US 11,947,571 B2
Efficient tagging of content items using multi-granular embeddings
Fares Hedayati, Richmond, CA (US); Young Jin Yun, San Francisco, CA (US); Sneha Chaudhari, Santa Clara, CA (US); Mahesh Subhash Joshi, Belmont, CA (US); Gungor Polatkan, San Jose, CA (US); and Gautam Borooah, Oakland, CA (US)
Assigned to Microsoft Technology Licensing, LLC, Redmond, WA (US)
Filed by Microsoft Technology Licensing, LLC, Redmond, WA (US)
Filed on Apr. 20, 2021, as Appl. No. 17/235,325.
Prior Publication US 2022/0335066 A1, Oct. 20, 2022
Int. Cl. G06F 16/28 (2019.01); G06N 20/00 (2019.01)
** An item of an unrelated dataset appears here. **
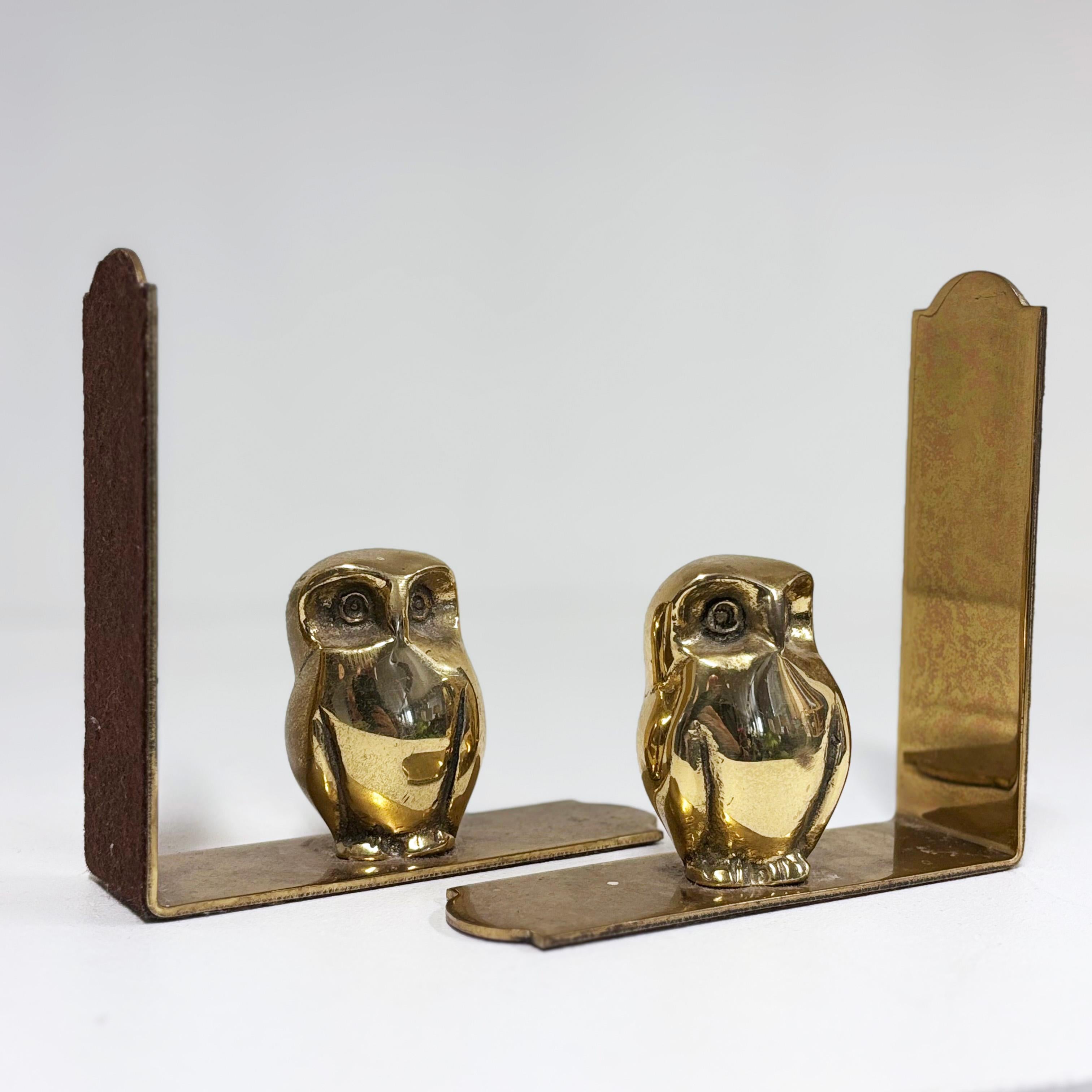 Hollywood Regency Coppia di reggilibri Gufo in ottone massiccio della metà del secolo scorso in vendita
CPC G06F 16/285 (2019.01) [G06N 20/00 (2019.01)] 17 Claims
OG exemplary drawing
 
1. A method comprising:
storing a plurality of content items and, for each content item in the plurality of content items, a plurality of content embeddings associated with the content item;
storing a plurality of entity names and a plurality of entity name embeddings, wherein each entity name embedding of the plurality of entity name embeddings is associated with a different entity name of the plurality of entity names;
for a content item in the plurality of content items:
identifying a subset of the plurality of entity names;
for an entity name in the subset:
generating a plurality of similarity scores, wherein a similarity score of the plurality of similarity scores is based on a similarity measure applied to an entity name embedding associated with the entity name and a content embedding of the plurality of content embeddings;
generating a distribution of the plurality of similarity scores over the plurality of content embeddings;
extracting a plurality of feature values from the distribution, wherein a feature value extracted from the distribution corresponds to a similarity score of the plurality of similarity scores at a percentile of the distribution;
inputting the plurality of feature values extracted from the distribution into a binary classifier;
generating, by the binary classifier, based on the plurality of feature values extracted from the distribution, a classification, wherein the classification indicates a likelihood of the entity name being associated with a content item of the plurality of content items, wherein the binary classifier is trained to learn features that are predictive of whether particular entity names are associated with particular content items;
based on the classification, determining to associate the entity name with the content item; and
based on the association of the entity name with the content item, determining to transmit the content item to a user computing device;
wherein the method is performed by one or more computing devices.